** Data to examine follows **
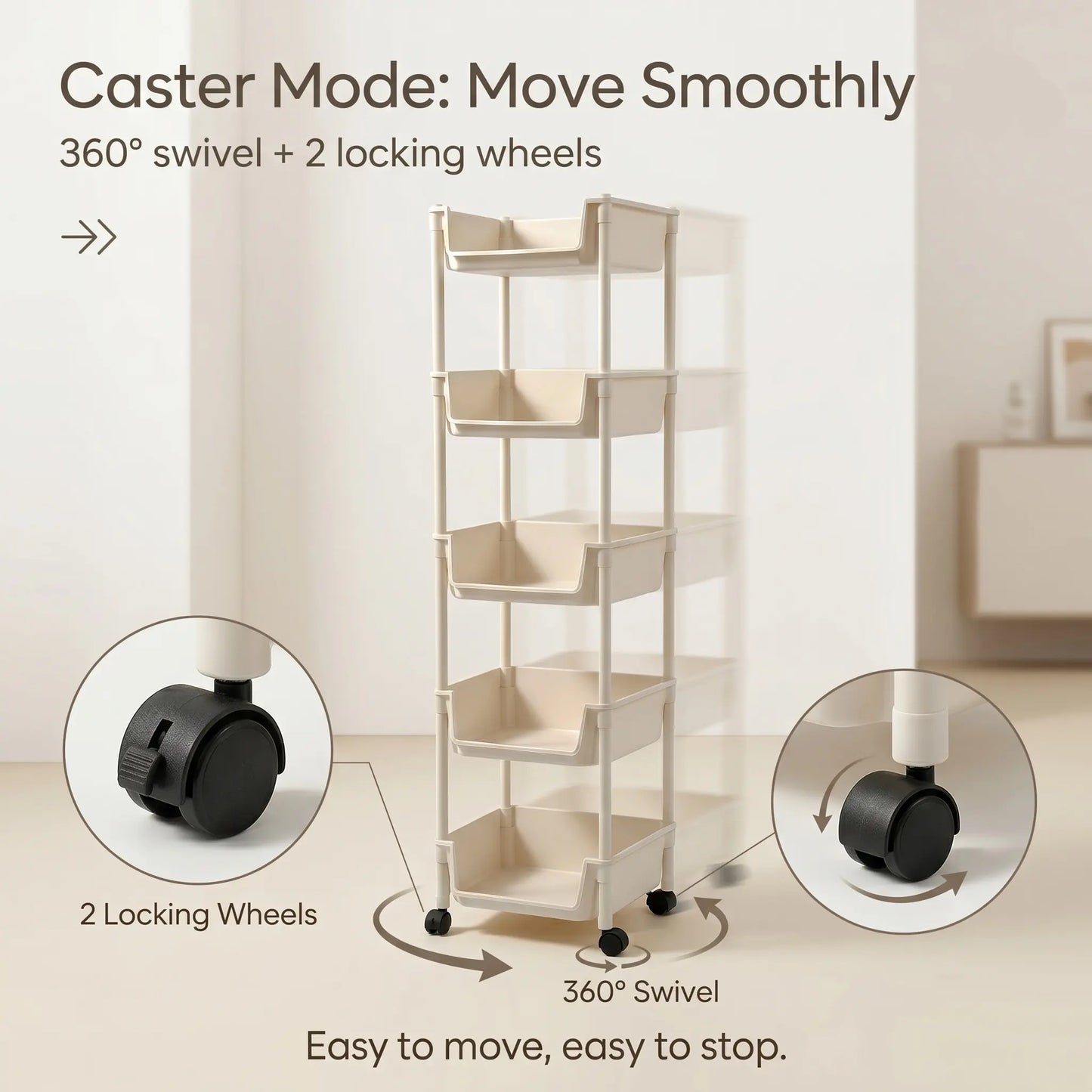 Rolling Storage Cart with Wheels - Multi-Layer Organizer for Kitchen, Bathroom & Bedroom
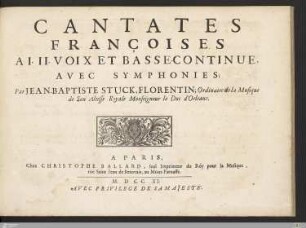 Cantates Françoises A I. II. Voix Et Basse-Continue, Avec Symphonies : [Livre Troisième]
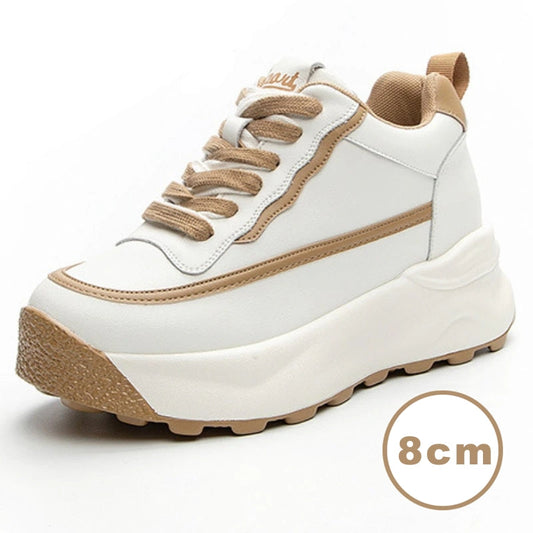 Kvinnors Sneakers 8 cm HĂ€l LĂ€der-1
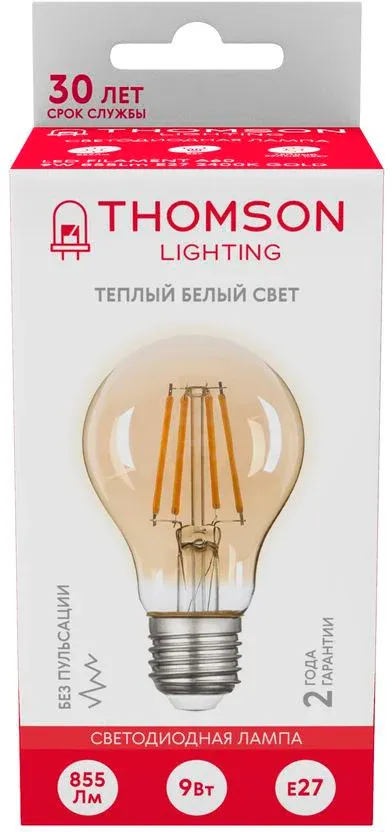 Лампа филам. Thomson Filament TH-B2111 9Вт цок.:E27 груша 220B св.свеч.бел.теп. A60 упак.:1шт - фото 4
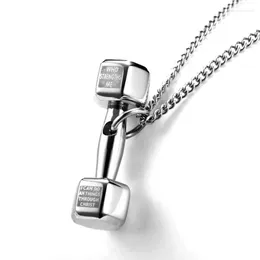 Chains Fitness Barbells Dumbbell Men's Necklaces Bulky Collarbone Lovers Pendant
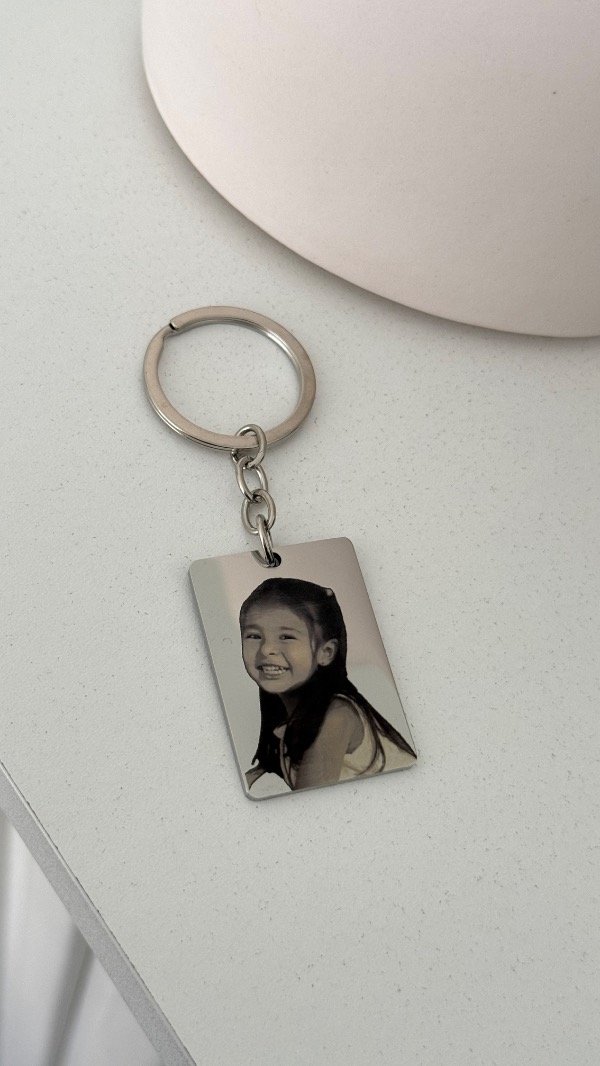 Producto - Llavero rectangular personalizado 4cm ACERO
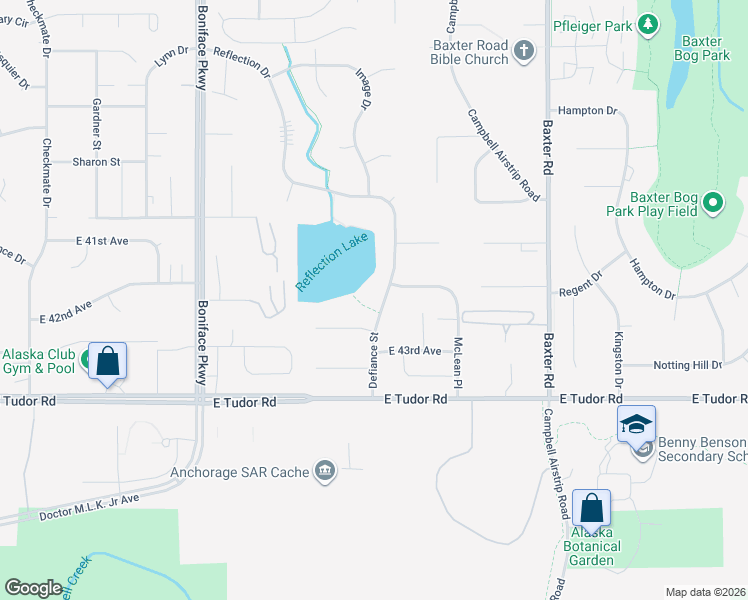 map of restaurants, bars, coffee shops, grocery stores, and more near 4100 Defiance Street in Anchorage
** End of Data to examine **
» Description of the task:
The lines wanted are those from the one with "Chains Fitness Barbells" to the end of the entries above, repeated exactly, both ends included. Leave out the pictures.

» Written answer:
 Chains Fitness Barbells Dumbbell Men's Necklaces Bulky Collarbone Lovers Pendant
 Producto - Llavero rectangular personalizado 4cm ACERO
 map of restaurants, bars, coffee shops, grocery stores, and more near 4100 Defiance Street in Anchorage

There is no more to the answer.